In a neighbourhood where nearly every resident lives in a high-rise apartment, the absence of any meaningful focus on owners’ corporations (OCs) in the City of Melbourne’s draft 2025–26 budget is deeply concerning.

Apartment living is a different way of living – coming with its own legal and practical complexities. Unlike standalone houses, residential strata is a highly regulated form of property ownership.

It is governed (in part) by OCs – legal entities responsible for managing common property such as lifts, fire safety systems, and shared amenities. Regulated under Victoria’s Owners Corporations Act 2006, OCs manage billions of dollars in shared infrastructure across the city. They are, in effect, one of the largest and most critical forms of property and community governance in the City of Melbourne.

Yet in more than 150 pages of the draft budget, apartment living is mentioned few times.
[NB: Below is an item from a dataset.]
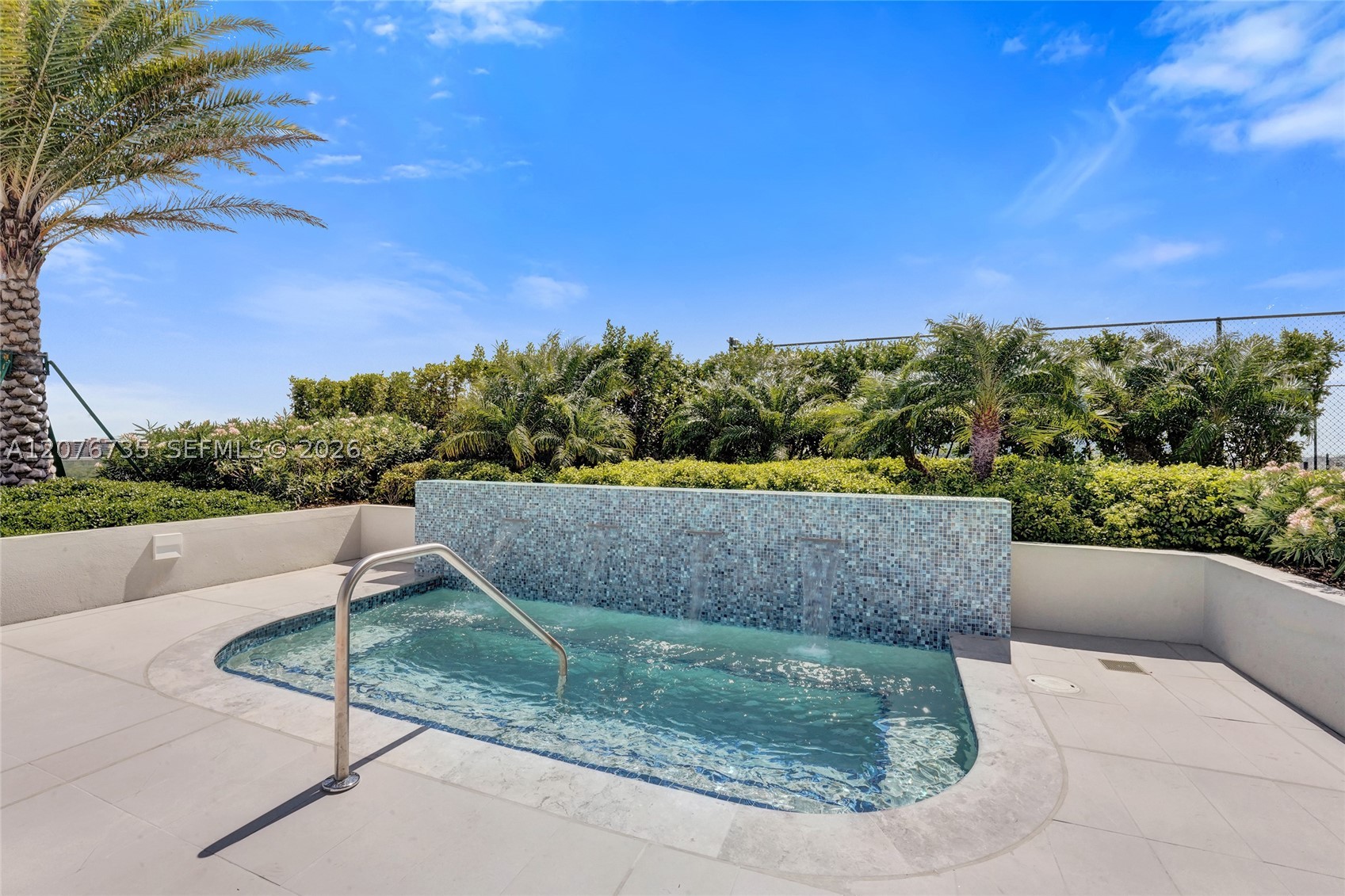 2411 Laguna Circle #2511, North Miami FL 33181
One concerns a pilot program to help apartment residents and businesses with energy efficiency and net zero upgrades – a promising idea. However, it notably fails to acknowledge the central role of OCs, without which no building-level upgrades can be delivered. Another mention refers to converting vacant office buildings into residential apartments.

While this suggests that office-to-apartment conversions may help address some of Melbourne’s housing challenges, it overlooks the realities faced by the thousands of existing strata buildings that are already home for the majority of the city’s residents.

This oversight matters.

Retrofitting buildings for energy, addressing skyrocketing insurance costs, planning long-term maintenance, and managing waste in vertical environments all rely on collective action through OCs. Without targeted support and recognition in the budget, OCs will continue to be left to navigate these complex issues without adequate resources or guidance.

It’s well past time for the council to treat apartment living as a distinct policy area – one that demands tailored services, funding, and engagement. OCs are not administrative bureaucrats; they are the backbone of our city’s residential infrastructure.

If you live in a high-rise, now is the time to speak up. The more the council hears that residential strata – and how this operates – matter, the more likely we are to see real change in future budgets.

Let’s make sure our buildings, as high as they are, are not overlooked.